- [Exercise requirements]
The entries that follow include a run beginning at the line with "Prada Doubre Triangle" and ending at the line with "Płyn do płukania"; restate that run word for word and leave the rest out.

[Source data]
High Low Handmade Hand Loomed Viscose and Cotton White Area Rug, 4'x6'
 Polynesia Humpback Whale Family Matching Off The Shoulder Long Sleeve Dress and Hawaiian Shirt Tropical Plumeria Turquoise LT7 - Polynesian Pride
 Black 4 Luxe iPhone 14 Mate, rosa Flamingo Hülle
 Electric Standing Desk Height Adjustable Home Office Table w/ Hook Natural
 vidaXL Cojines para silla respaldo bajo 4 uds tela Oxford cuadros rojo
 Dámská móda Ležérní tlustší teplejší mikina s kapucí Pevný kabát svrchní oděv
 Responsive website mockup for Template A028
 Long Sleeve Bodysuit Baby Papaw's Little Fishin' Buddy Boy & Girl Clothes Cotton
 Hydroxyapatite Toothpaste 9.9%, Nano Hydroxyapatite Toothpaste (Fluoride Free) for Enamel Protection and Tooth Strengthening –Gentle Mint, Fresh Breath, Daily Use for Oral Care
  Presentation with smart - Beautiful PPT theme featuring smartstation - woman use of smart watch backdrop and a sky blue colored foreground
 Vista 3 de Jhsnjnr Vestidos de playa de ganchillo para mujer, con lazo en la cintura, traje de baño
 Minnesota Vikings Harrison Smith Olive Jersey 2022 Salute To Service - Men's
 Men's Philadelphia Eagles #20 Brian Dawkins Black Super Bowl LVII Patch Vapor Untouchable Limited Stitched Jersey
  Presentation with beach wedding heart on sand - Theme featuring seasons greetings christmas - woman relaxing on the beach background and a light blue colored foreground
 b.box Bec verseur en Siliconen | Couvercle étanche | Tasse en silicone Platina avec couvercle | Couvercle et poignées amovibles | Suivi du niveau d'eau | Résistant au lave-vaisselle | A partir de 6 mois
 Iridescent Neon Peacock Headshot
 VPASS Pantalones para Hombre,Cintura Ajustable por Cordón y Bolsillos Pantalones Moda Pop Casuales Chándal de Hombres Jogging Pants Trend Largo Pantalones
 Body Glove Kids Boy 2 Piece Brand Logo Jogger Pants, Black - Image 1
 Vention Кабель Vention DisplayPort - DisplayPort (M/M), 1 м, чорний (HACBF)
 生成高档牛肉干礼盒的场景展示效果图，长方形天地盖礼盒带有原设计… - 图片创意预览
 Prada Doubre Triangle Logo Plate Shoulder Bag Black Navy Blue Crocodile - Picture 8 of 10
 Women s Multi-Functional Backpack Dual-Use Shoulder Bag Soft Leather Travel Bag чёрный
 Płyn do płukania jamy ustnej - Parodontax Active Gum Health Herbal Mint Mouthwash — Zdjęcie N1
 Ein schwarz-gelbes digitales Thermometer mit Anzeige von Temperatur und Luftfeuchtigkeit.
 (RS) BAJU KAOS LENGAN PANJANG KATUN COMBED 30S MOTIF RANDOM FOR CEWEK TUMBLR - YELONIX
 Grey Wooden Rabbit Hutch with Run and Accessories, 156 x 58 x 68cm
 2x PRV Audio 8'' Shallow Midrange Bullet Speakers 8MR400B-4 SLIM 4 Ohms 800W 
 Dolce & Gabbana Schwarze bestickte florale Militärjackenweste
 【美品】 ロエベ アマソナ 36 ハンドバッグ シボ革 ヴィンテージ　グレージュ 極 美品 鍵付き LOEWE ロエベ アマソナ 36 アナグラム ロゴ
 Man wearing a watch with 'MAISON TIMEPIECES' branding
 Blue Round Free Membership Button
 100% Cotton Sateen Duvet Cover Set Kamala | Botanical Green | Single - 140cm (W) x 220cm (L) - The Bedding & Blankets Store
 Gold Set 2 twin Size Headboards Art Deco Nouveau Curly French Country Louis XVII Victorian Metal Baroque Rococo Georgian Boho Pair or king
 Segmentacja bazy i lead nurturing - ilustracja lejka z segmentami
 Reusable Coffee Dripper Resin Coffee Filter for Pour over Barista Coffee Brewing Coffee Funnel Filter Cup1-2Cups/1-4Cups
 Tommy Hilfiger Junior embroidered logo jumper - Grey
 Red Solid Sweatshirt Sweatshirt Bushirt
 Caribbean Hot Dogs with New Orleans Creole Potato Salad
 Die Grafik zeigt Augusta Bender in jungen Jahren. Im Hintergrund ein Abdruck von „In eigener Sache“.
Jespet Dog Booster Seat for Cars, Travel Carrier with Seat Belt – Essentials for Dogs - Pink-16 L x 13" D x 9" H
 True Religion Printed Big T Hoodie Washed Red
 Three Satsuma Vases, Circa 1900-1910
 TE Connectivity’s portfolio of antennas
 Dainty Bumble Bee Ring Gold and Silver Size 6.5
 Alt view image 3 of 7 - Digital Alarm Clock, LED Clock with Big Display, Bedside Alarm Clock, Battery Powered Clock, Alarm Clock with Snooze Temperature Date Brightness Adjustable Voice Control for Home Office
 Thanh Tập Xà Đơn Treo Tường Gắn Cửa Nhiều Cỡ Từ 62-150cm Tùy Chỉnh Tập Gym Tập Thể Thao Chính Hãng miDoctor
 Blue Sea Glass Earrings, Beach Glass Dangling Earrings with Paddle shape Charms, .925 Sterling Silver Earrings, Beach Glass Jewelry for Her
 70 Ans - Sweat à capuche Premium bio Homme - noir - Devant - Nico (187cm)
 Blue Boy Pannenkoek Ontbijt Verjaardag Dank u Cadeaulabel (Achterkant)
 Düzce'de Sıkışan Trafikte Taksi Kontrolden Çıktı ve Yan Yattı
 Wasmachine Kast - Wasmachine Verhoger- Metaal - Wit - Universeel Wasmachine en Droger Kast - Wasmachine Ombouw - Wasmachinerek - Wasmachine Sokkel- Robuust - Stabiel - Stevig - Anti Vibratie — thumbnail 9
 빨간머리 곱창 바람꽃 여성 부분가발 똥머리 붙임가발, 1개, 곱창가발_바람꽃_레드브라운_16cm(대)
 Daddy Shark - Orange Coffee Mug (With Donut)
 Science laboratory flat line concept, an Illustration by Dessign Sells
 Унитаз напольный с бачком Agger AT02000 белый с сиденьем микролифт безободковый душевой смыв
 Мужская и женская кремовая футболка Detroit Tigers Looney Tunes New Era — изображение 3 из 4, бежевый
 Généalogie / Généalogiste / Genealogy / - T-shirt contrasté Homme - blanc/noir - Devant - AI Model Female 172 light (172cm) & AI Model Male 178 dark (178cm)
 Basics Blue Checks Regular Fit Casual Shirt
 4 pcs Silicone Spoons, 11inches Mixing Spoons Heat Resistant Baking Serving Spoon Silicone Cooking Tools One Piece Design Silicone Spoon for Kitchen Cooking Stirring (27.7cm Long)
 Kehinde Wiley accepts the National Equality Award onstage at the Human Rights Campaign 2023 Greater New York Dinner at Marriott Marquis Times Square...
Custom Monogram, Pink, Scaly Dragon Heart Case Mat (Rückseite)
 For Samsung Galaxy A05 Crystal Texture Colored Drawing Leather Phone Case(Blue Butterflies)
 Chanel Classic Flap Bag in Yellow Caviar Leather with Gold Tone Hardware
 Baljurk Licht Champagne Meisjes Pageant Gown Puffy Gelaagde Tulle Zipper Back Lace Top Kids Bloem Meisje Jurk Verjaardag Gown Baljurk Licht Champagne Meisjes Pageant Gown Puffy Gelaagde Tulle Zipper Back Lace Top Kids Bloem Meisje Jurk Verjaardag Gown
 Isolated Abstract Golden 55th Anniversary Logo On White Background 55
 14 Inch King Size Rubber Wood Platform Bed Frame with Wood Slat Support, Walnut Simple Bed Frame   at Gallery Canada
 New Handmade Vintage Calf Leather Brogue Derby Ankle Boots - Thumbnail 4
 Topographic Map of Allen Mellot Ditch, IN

- [Written response]
 Prada Doubre Triangle Logo Plate Shoulder Bag Black Navy Blue Crocodile - Picture 8 of 10
 Women s Multi-Functional Backpack Dual-Use Shoulder Bag Soft Leather Travel Bag чёрный
 Płyn do płukania jamy ustnej - Parodontax Active Gum Health Herbal Mint Mouthwash — Zdjęcie N1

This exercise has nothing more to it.